On the website, they list George Osborne’s latest speech as the “New Year economy speech by the Chancellor of the Exchequer”. Really, they should have called it the “New Year politics speech by the Chancellor of the Exchequer”. Under cover of explaining “the five components of the government’s long-term economic plan”, the Chancellor actually distilled various slogans and dividing lines into one fiery brew. Here are the ones that stood out:

It’s not over yet. What I’ve previously called Osborne’s “two-tier message about the economy” featured heavily here. On Tier 1 is the straightforward argument that the Tories have the right economic plan and it’s already delivered us from recession. On Tier 2 is the caveat that it could all still go wrong. The Chancellor was careful to stress that, despite the progress that has been made, “we’re [still] borrowing around £100 billion a year – and paying half that money a year in interest just to service our debts.” And he added that the wider economy is still subject to various risks, from further weakness in the Eurozone to “slowing growth in the emerging economies further afield”. Of course, this is all about restraining people’s optimism so that they don’t vote for Labour and for fiscal incontinence. “[The job] isn’t even half done,” claimed Osborne. The clear implication is that Miliband and Balls can’t be trusted to finish it.
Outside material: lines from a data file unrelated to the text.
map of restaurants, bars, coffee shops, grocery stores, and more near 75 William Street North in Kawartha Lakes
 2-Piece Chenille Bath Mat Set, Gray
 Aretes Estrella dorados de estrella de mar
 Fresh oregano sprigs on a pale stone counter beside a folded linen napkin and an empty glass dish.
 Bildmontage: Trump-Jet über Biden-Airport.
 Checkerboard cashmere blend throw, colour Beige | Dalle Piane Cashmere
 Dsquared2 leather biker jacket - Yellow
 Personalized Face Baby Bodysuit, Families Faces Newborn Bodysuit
Oh yes, we’d cut benefits… And just in case you didn’t catch the part about the job not being complete, Osborne also talked about the extra cuts that will be necessary in the two years after the next election – cuts to the amount of £25 billion. That figure isn’t surprising in itself, but the Chancellor’s emphasis on it is still noteworthy, especially as he calculates that £12 billion of it will have to come from the welfare budget. This is mainly a challenge to Labour, daring them to speak out against welfare cuts that, Osborne knows, tend to be broadly popular with the public. But it’s also a challenge to the Lib Dems: speaking on the Today Programme earlier, Osborne proposed such Coalition-unfriendly policies as cutting housing benefit for under-25s. In fact, I reckon that the Tories and Lib Dems are most likely to part ways, when they choose to part ways, over the scale and nature of any cuts after 2015. It’s already something that is causing certain Lib Dem backbenchers some agitation.

…but not natural Tory voters’ benefits. After Cameron’s muddled message on pensioner benefits, a greater degree of clarity from Osborne. Again on the Today Programme, the Chancellor suggested that the Tories aren’t inclined to means-test universal benefits such as Winter Fuel Allowance, and claimed that doing so would only save “tens of millions of pounds”. This certainly chimes with what senior Government advisers have told me in the past, although I still don’t like it. Fact is, cuts to universal benefits could save more than the Chancellor suggests. And it would also be more consistent with the Tories’ other benefit cuts: why argue that it’s “difficult to justify” paying child benefit to the wealthiest families when you’re also giving perks to the wealthiest pensioners?

Fixing the economy is dealing with the cost of living. In a speech last September – which has some resemblance to today’s – Osborne trialled his response to Labour’s attack over the cost of living. People will have more money in their back pockets, he said, as the country returns to growth. Well, that argument was reheated earlier; another sign that the Chancellor realises how the perception of growth, and not just growth by itself, could determine the next election. Here, of course, he cited the Government’s efforts to ease the strain people’s budgets, but, crucially, he also pointed out the limitations of Government action: “there’s no point pretending that there’s some magic wand a Chancellor can wave to make the whole country feel richer than it actually is, or that I can control the global oil price from an office in Whitehall.” As I said before the Autumn Statement, this is a sensible – and honest – approach to take.

You, the people. Once again, Osborne delivered his speech at a location rich with televisual potential: a manufacturing company outside of Birmingham. This cannot be entirely unrelated to his employment of former BBC producer Thea Rogers. And, once again, he made sure to personalise his speech, referring to the people in the audience and including them in the “team effort” that has seen us return to growth. This may seem like a minor rhetorical detail, but, as I’ve said before, it’s important that Osborne never forgets the public. One man does not a growing economy make – especially when that one man is a politician.